■ **Aim of the task**
Shown below is a listing with pictures; reproduce exactly, and only, the lines between the ones containing "Flax: Flax Hat with green band" and "Kuriertasche Japan Matsumoto", inclusive, leaving the pictures out.

■ **Extracted records**
-------------------------
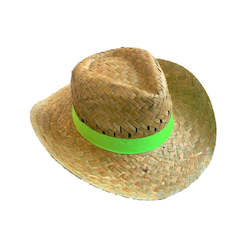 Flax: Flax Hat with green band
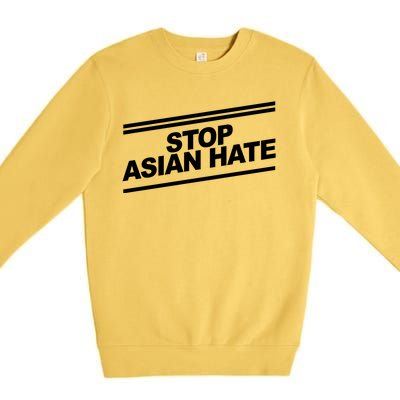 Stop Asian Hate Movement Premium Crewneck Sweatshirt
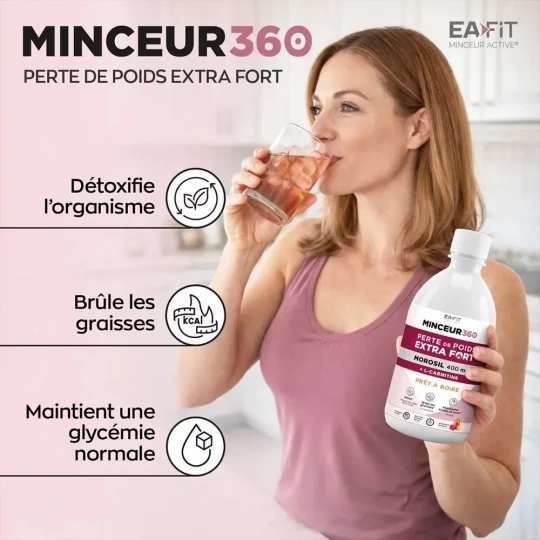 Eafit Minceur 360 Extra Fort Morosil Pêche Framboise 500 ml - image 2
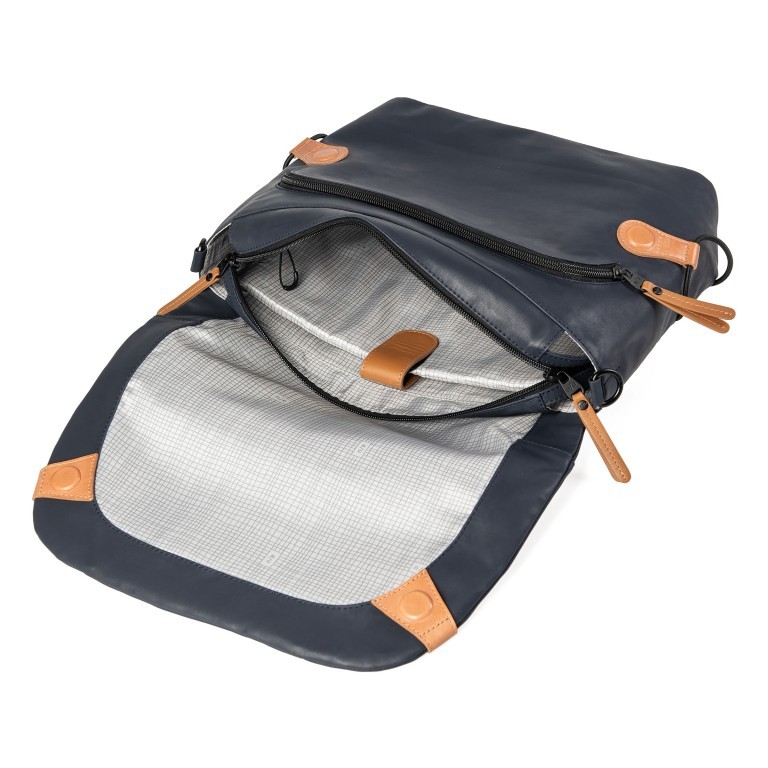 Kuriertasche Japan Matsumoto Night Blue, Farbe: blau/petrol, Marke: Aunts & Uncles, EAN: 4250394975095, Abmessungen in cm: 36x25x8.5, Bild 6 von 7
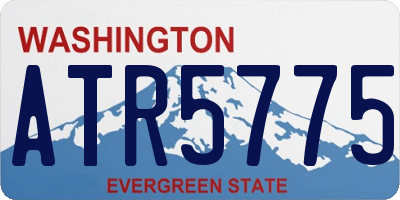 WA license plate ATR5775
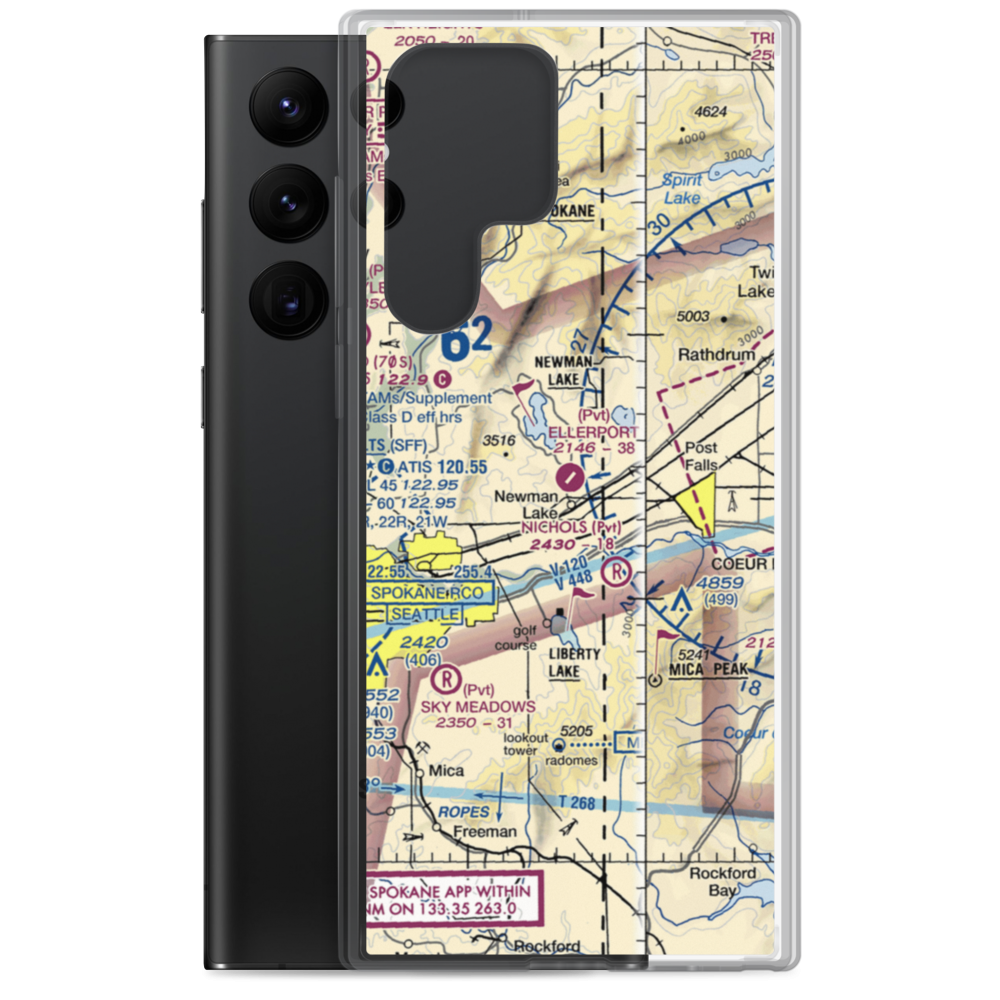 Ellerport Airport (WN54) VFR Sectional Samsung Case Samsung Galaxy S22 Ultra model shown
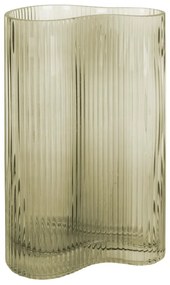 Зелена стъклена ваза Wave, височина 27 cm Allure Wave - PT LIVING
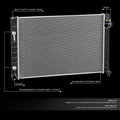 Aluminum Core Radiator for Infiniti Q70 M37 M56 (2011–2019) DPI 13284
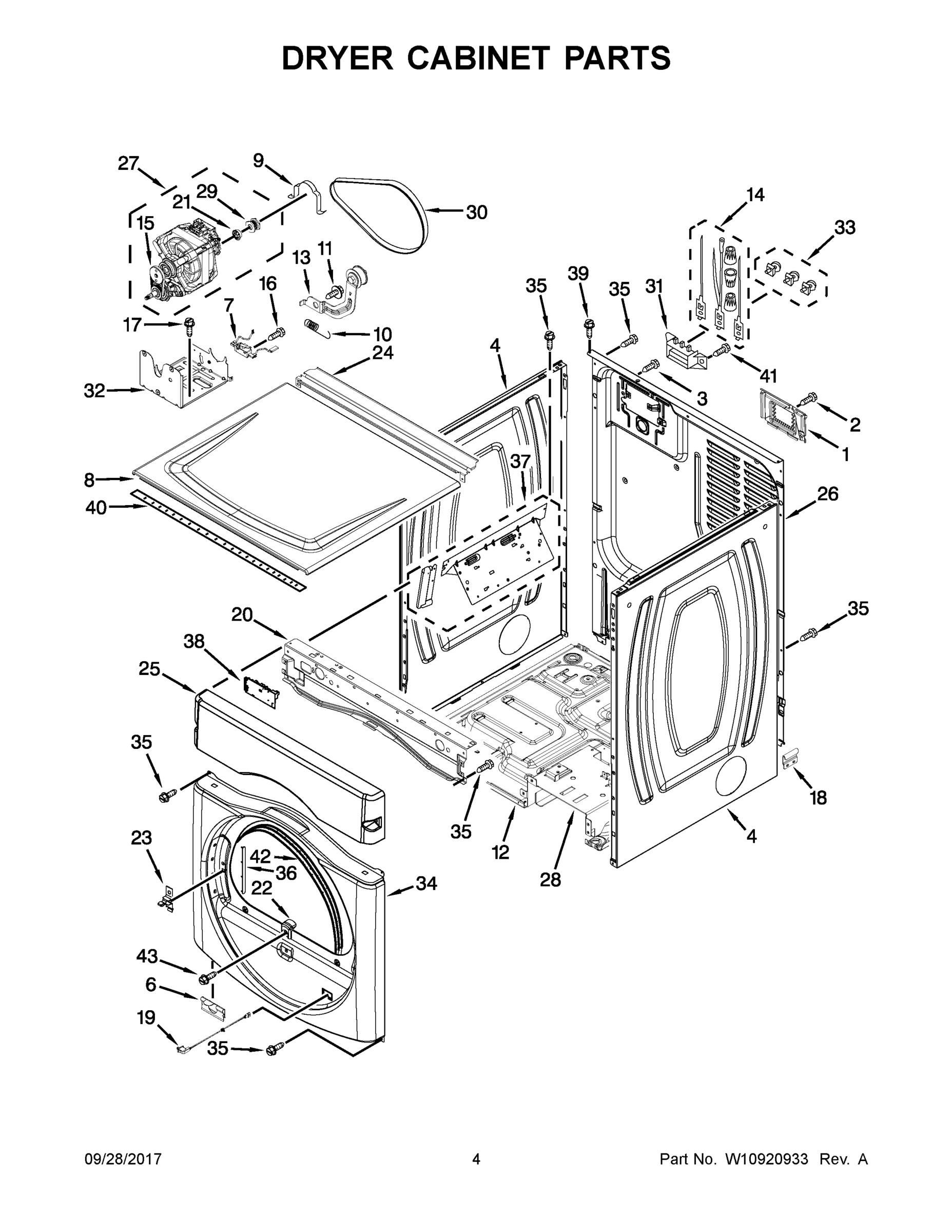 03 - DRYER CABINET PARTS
-------------------------
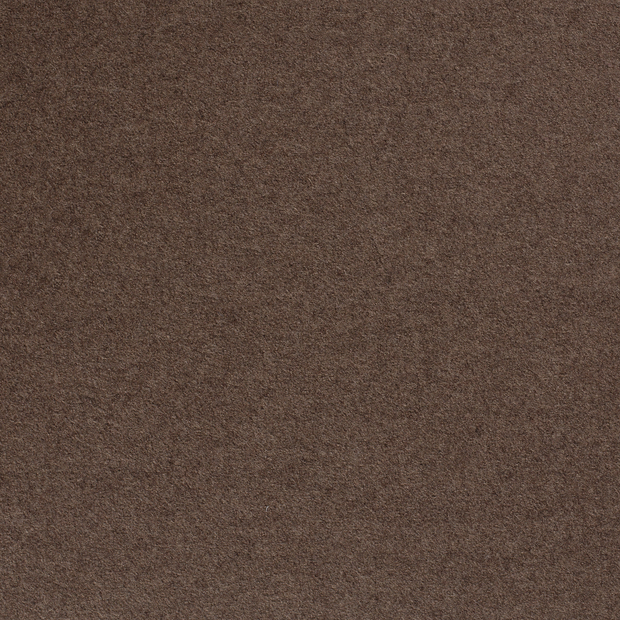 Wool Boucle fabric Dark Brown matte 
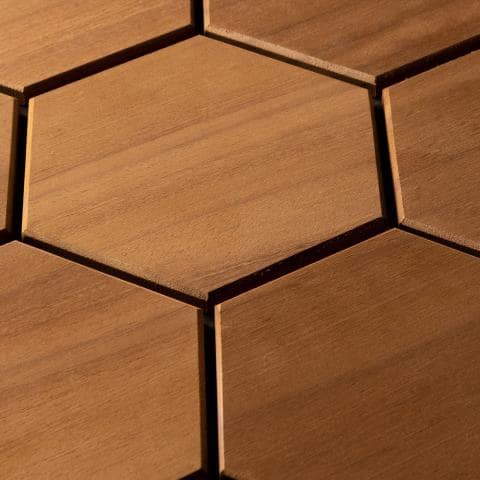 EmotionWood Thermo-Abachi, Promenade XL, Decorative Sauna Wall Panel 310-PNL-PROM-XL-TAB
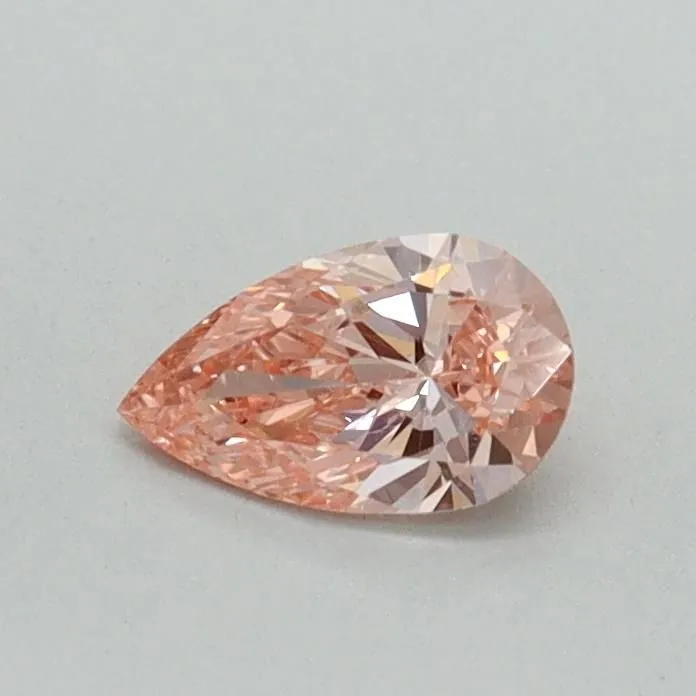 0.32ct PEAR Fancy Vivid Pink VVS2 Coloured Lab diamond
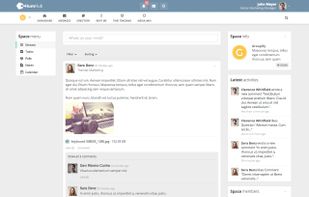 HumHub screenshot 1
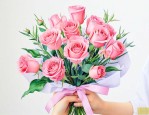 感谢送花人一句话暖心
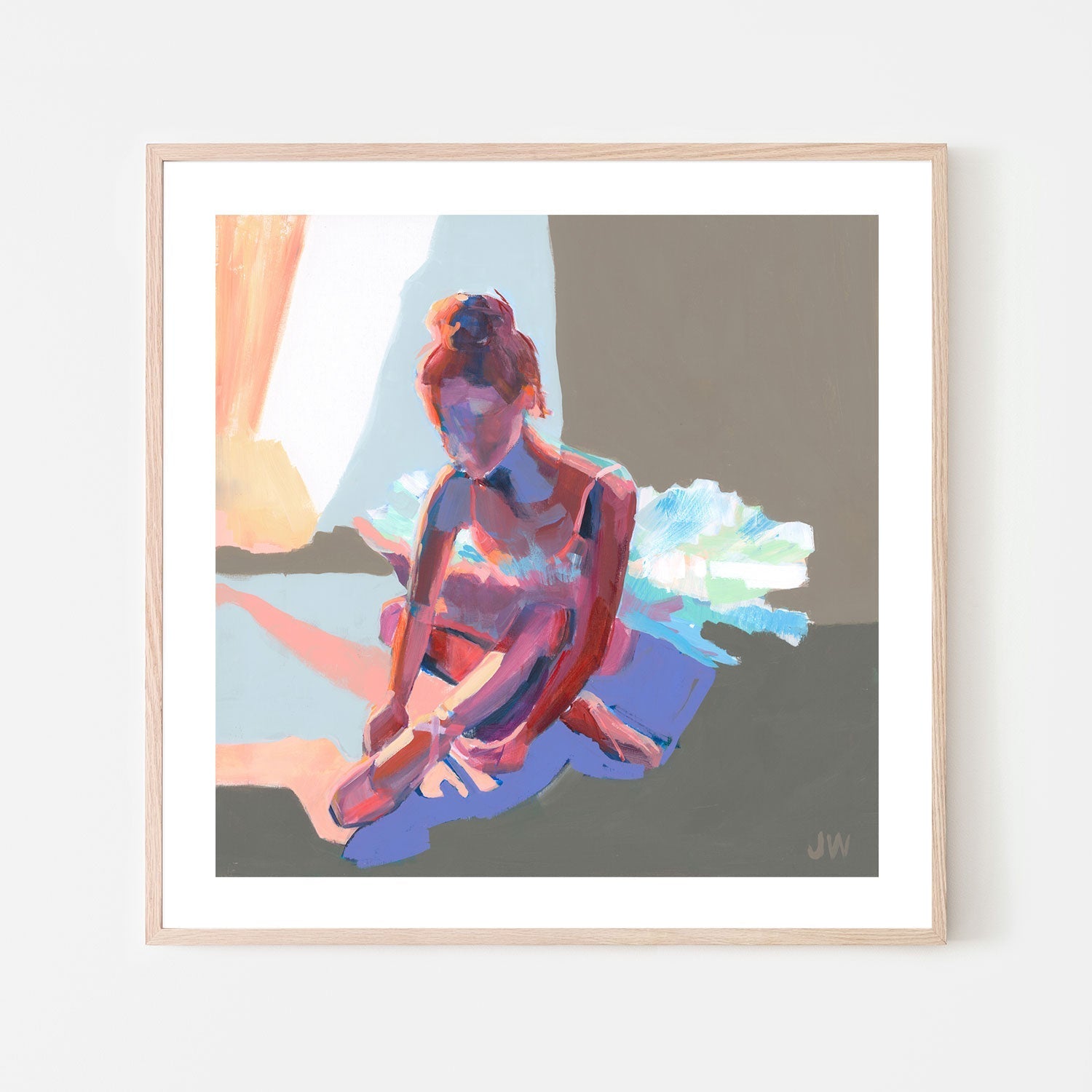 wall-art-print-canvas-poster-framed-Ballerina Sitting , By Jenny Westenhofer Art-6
-------------------------
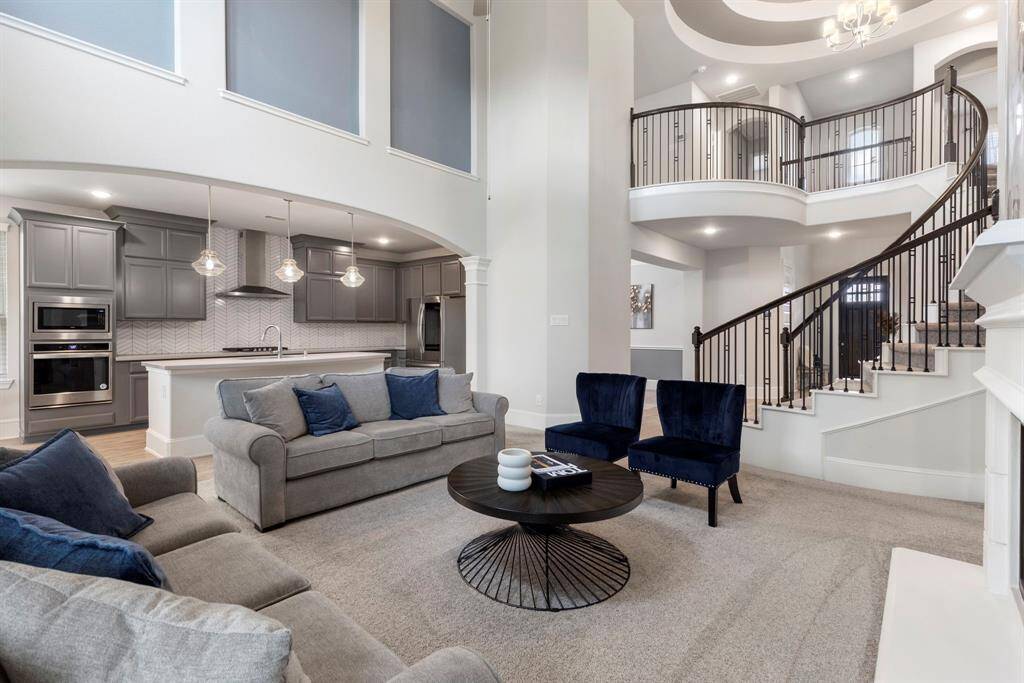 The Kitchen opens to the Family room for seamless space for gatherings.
-------------------------
■ **Your solution**
 Flax: Flax Hat with green band
 Stop Asian Hate Movement Premium Crewneck Sweatshirt
 Eafit Minceur 360 Extra Fort Morosil Pêche Framboise 500 ml - image 2
 Kuriertasche Japan Matsumoto Night Blue, Farbe: blau/petrol, Marke: Aunts & Uncles, EAN: 4250394975095, Abmessungen in cm: 36x25x8.5, Bild 6 von 7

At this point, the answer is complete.